Fannie Mae has shuttered its Micro Loans program, a little more than a year after introducing the execution.

The Micro Loans program, which offered multifamily loans of $750,000 or less for properties of five units or more, was rolled out in the first quarter of 2008. But by the second quarter of this year, it had been put in mothballs.

Micro Loans offered some pretty aggressive underwriting as compared to Fannie’s regular Small Loan Program, which was ultimately one of the reasons for its demise, industry watchers say. “It had a very short life,” laments Ken Fazio, national sales manager for Uniondale, N.Y.-based Arbor Commercial Mortgage. “I think on a lot of levels, it mirrored the residential side, where they got overly aggressive.”

The big issue was a lack of investor demand for the loans: Investors in Mortgage Backed Securities were turned off by the underwriting standards of the program, according to industry watchers.

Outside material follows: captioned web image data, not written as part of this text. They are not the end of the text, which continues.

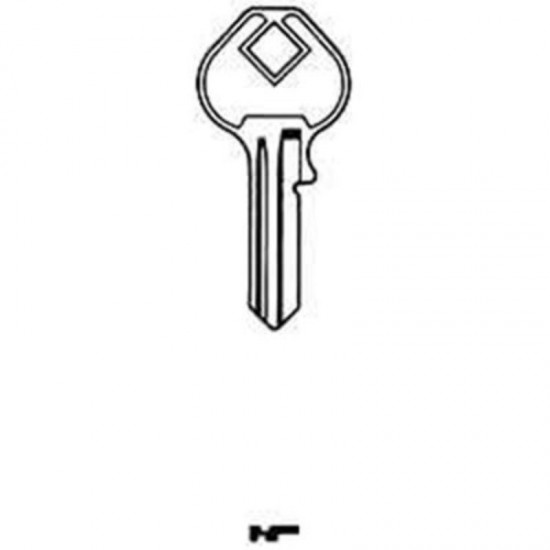 Silca MS6 Master Cylinder Key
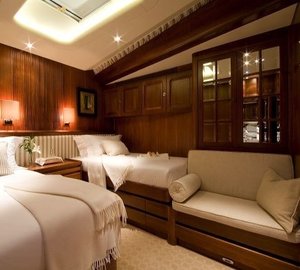 The 41m Yacht MIRABELLA III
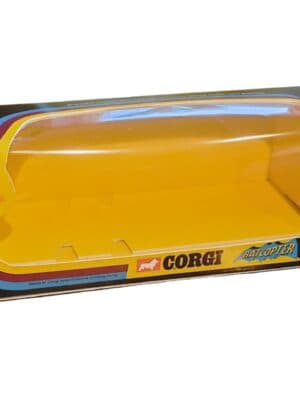 Corgi Toys 925 Batman Batcopter Repro Box Corgi Toys 925 Batman Batcopter Repro Box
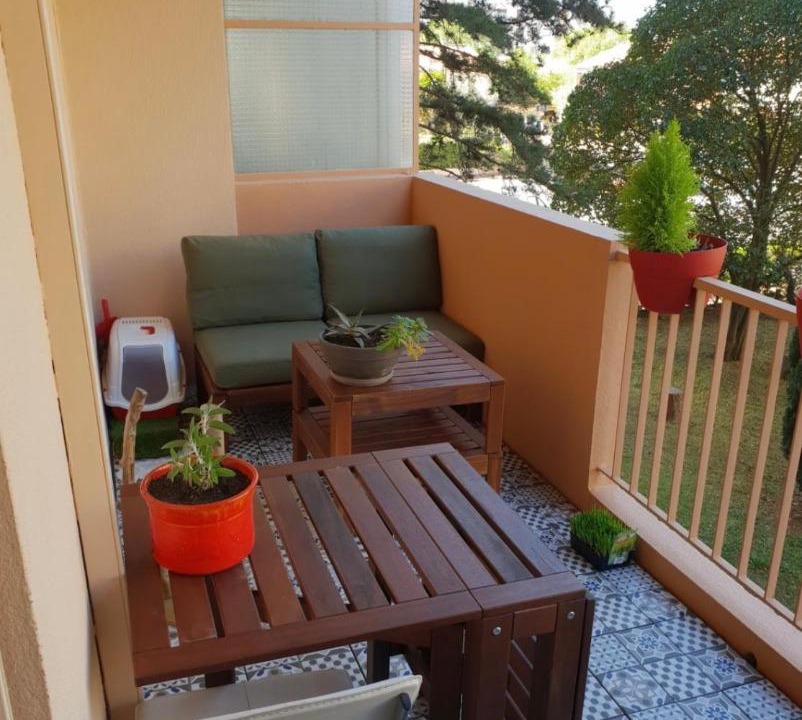 Photo of Patio Balcony in Lemasson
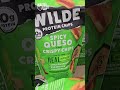 costco wilde chicken chips spicy queso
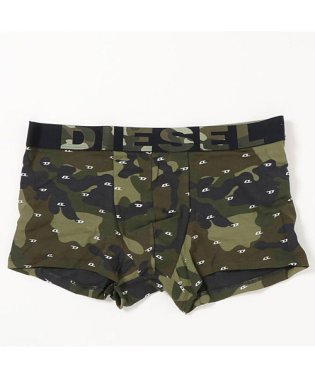 TopIsm/DIESEL ディーゼル ボクサーパンツ メンズ カモフラ 総柄 ロゴ トランクス ブリーフ インナー 下着 ブランド おしゃれ パンツ/505740928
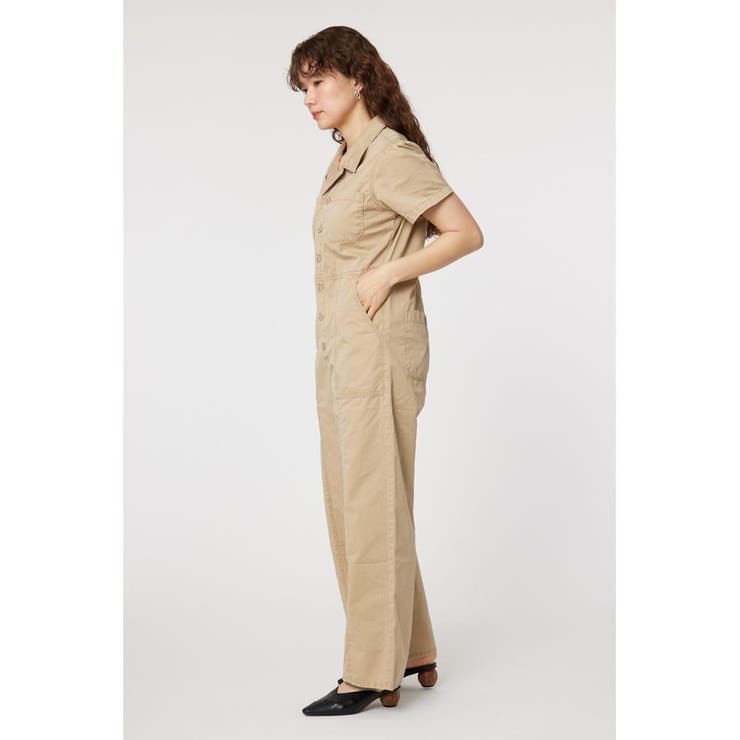 Work ジャンプスーツ | RODEO CROWNS WIDE BOWL | 詳細画像7 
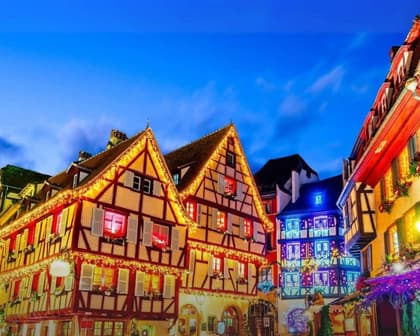 Immagine -  Colmar WOW: lights, mulled wine, and magic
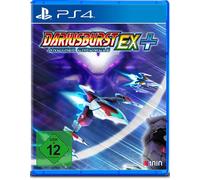 Dariusburst - Another Chronique Ex + PS4 Neuf + Emballage D'Origine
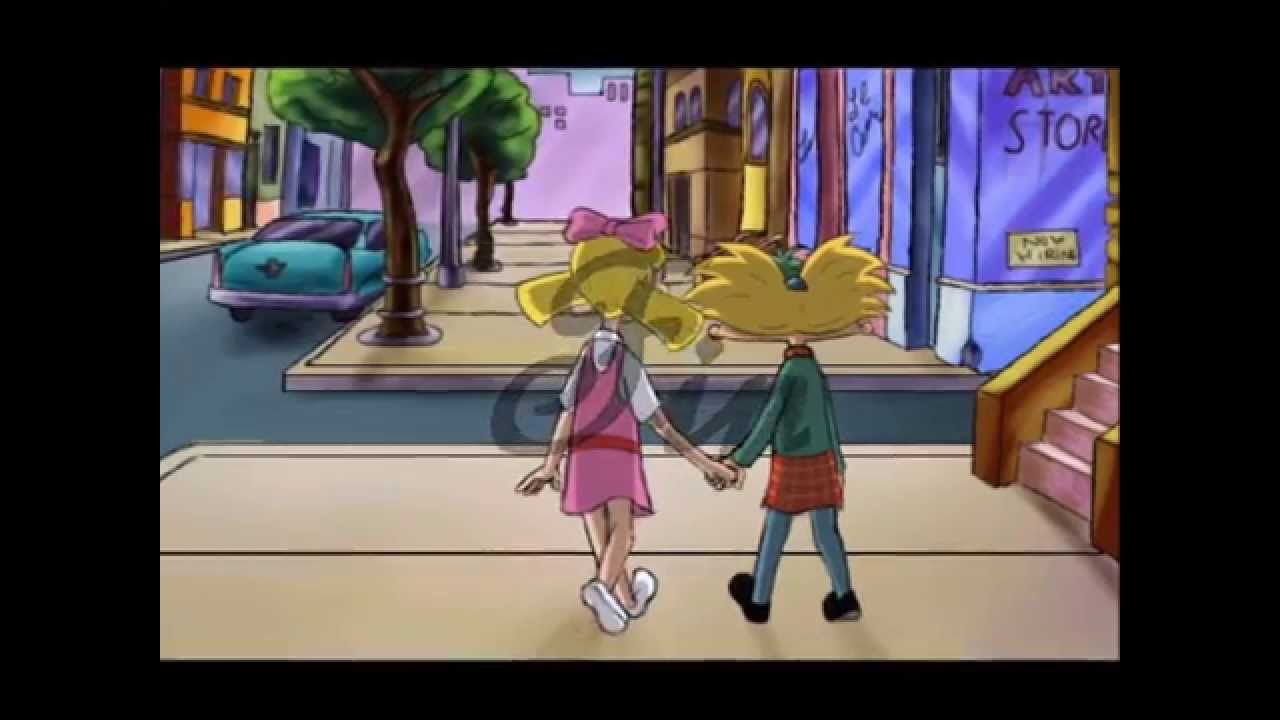 Hey Arnold! Atar cabos sueltos parte 2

The buzz in the industry is that Micro Loans had a higher default rate than the rest of Fannie’s business.

To be competitive with community banks, the program underwrote to a 1.10x debt service coverage ratio and required much less documentation than the standard Small Loan program. Borrowers didn’t have to supply annual financial statements, and the borrower’s FICO score was a main metric, as opposed to third-party analysis.

Arbor had applied for a license to begin offering the program. But just as they were ramping up the platform to sell to customers, the program was shuttered, Fazio says.
Fannie Mae will still consider doing loans sized at $750,000 or less on a much more select basis, funneling those loans through its Small Loan Program, a company spokesman said.